Classical Statistical (In-Sample) Intuitions Don't Generalize Well: A Note on Bias-Variance Tradeoffs, Overfitting and Moving from Fixed to Random Designs
This clarifies foundational discrepancies in statistical learning for researchers and practitioners, though it is incremental in highlighting a known design difference.
The paper shows that moving from fixed to random designs in statistical analysis fundamentally changes textbook intuitions about bias-variance tradeoffs, explaining why phenomena like double descent and benign overfitting appear in modern machine learning but not in classical statistics.
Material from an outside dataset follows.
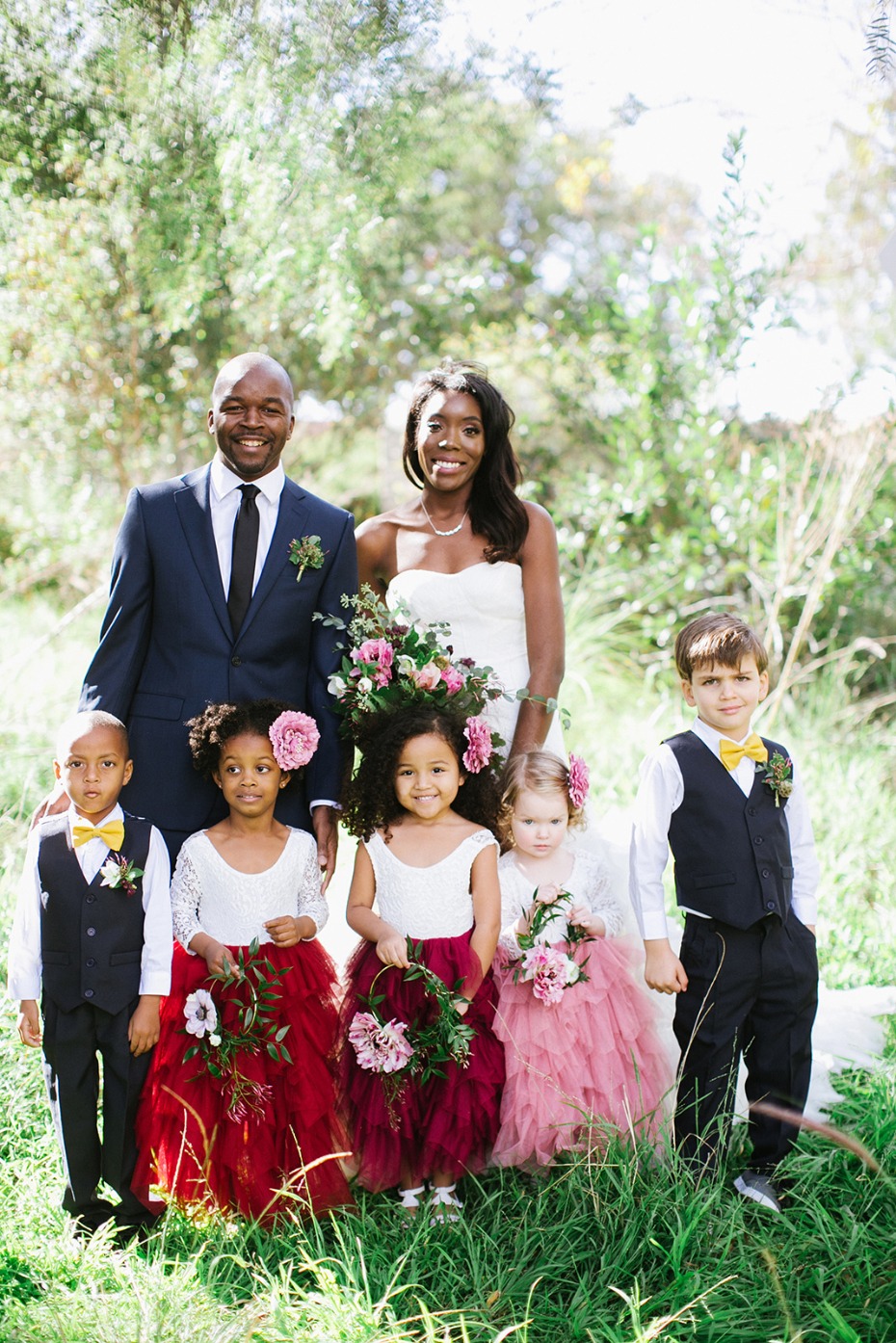 the bride groom and their flower girls and ring bearers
The sudden appearance of modern machine learning (ML) phenomena like double descent and benign overfitting may leave many classically trained statisticians feeling uneasy -- these phenomena appear to go against the very core of statistical intuitions conveyed in any introductory class on learning from data. The historical lack of earlier observation of such phenomena is usually attributed to today's reliance on more complex ML methods, overparameterization, interpolation and/or higher data dimensionality. In this note, we show that there is another reason why we observe behaviors today that appear at odds with intuitions taught in classical statistics textbooks, which is much simpler to understand yet rarely discussed explicitly. In particular, many intuitions originate in fixed design settings, in which in-sample prediction error (under resampling of noisy outcomes) is of interest, while modern ML evaluates its predictions in terms of generalization error, i.e. out-of-sample prediction error in random designs. Here, we highlight that this simple move from fixed to random designs has (perhaps surprisingly) far-reaching consequences on textbook intuitions relating to the bias-variance tradeoff, and comment on the resulting (im)possibility of observing double descent and benign overfitting in fixed versus random designs.